In November, 2010, Britain was indeed the ‘winter wonderland’ quoted in Darius’ ‘Take Five’ solo; it was snow-bound from Newcastle to Eastbourne , but no gigs were cancelled and the group and audiences enjoyed the celebratory tour leading up to Dave Brubeck’s 90th birthday on December 6th. Selections chosen from many concerts are on this cd.
Musicians
Darius Brubeck, piano,
Chris Brubeck, bass & trombone
Dan Brubeck, drums
Dave O’Higgins, saxophones
John Fordham The Guardian (UK)
Few jazz musicians make it into the pop charts, even fewer for instrumental music of such coolly labyrinthine grooves that audiences could barely shake a leg to it. California-born pianist and composer Dave Brubeck – who did all that in the 1950s and 60s, and whose 90th birthday is next week – is one of the great popularisers of jazz, a visionary who made it speak to millions without selling its audacious spirit down the river. He no longer plays internationally, but his musician sons Darius, Chris and Dan, augmented by British saxist Dave O'Higgins, are rekindling the old magic.
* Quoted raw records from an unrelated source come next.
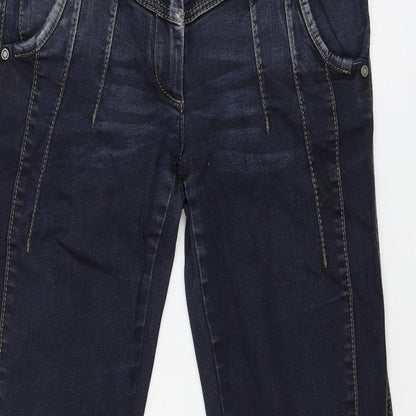 Sportalm Womens Blue  Denim Skinny Jeans Size 6 L28 in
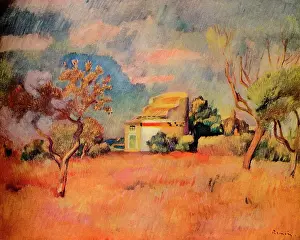 Auguste Renoir Prints: Mistral, c.19Th Century (1935)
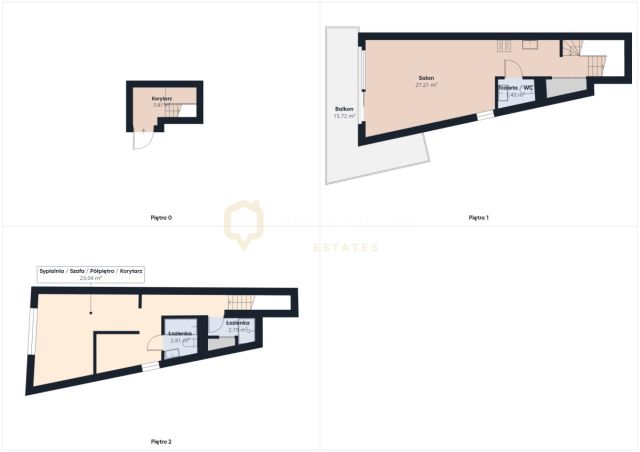 Mieszkanie 2-pokojowe Ząbki, ul. Jana Pawła II. Zdjęcie 13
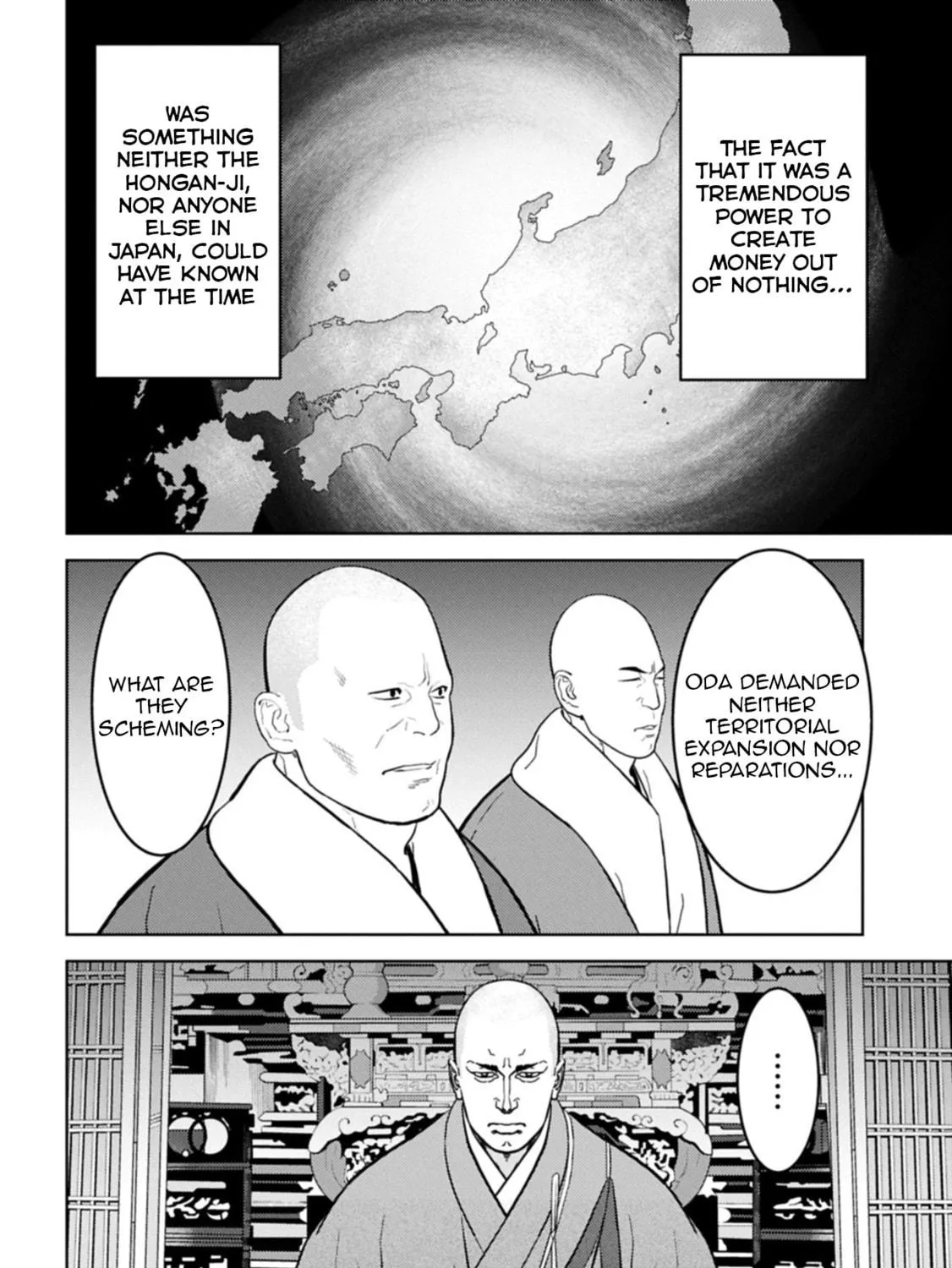 Sengoku Komachi Kuroutan: Noukou Giga Chapter 92 page 48 - 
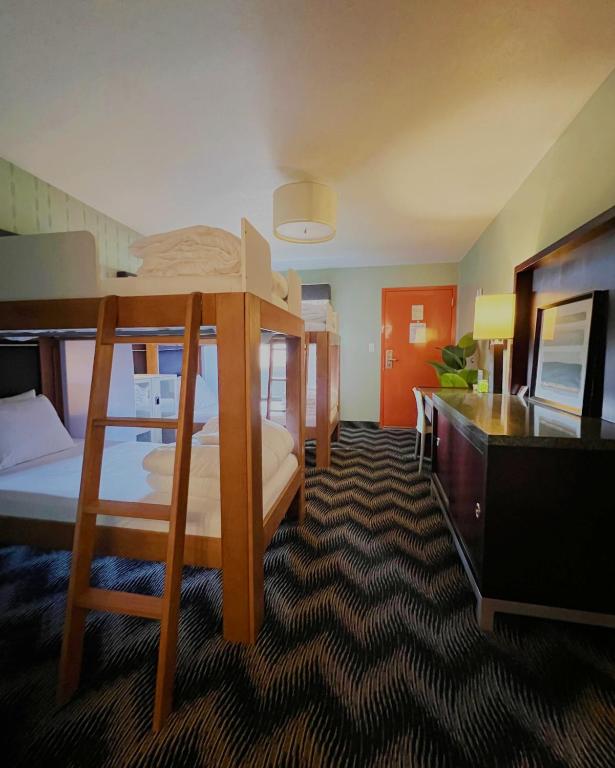 Postel nebo postele na pokoji v ubytování Bposhtels Scottsdale in Arizona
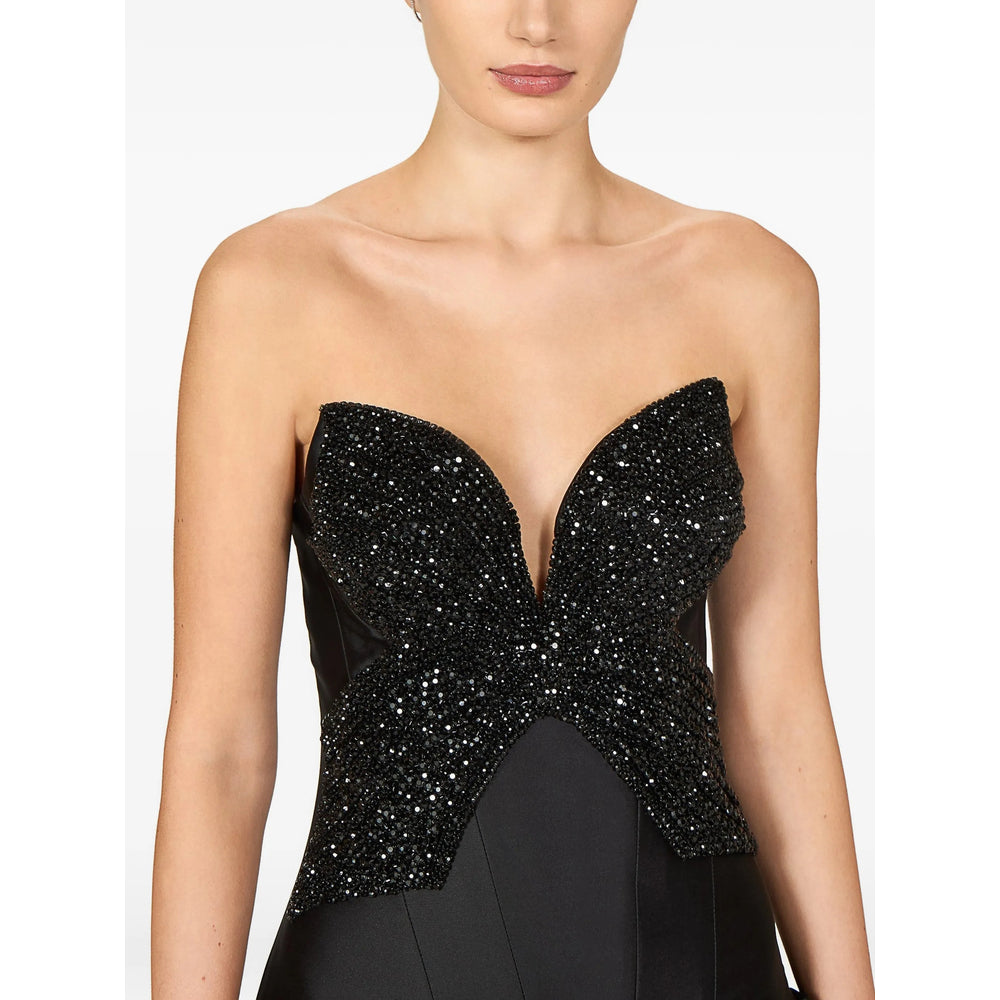 Costarellos Black Dresses - Evening Dresses Women COSTARELLOS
The four cantered affectionately through the hit list, but shrewdly didn't try to clone the original sound. Typically playful, time-juggling themes such as Raggy Waltz emphasised both their composer's far-sighted fusions of classical and jazz forms, and the current ensemble's own identity, particularly in drummer Dan's looser, splashier sound and electric bassist Chris's slippery and sometimes funk-influenced phrasing. And O'Higgins is a contemporary tenor and soprano player of keening soulfulness rather than an airy, fluttering alto saxist like the late Paul Desmond. But O'Higgins's edge brought a renewed poignancy to the dreamy Koto Song, and on Take Five his climax-building high-end multiphonics contrasted with Darius's steady enunciation of the famous 5/4 riff.
The pianist's Lion at the Bar, a boogieing groover that reflected Darius's playing and teaching experience in South Africa, reminded the audience that sheltering under the Brubeck umbrella is by no means all the maestro's offspring do.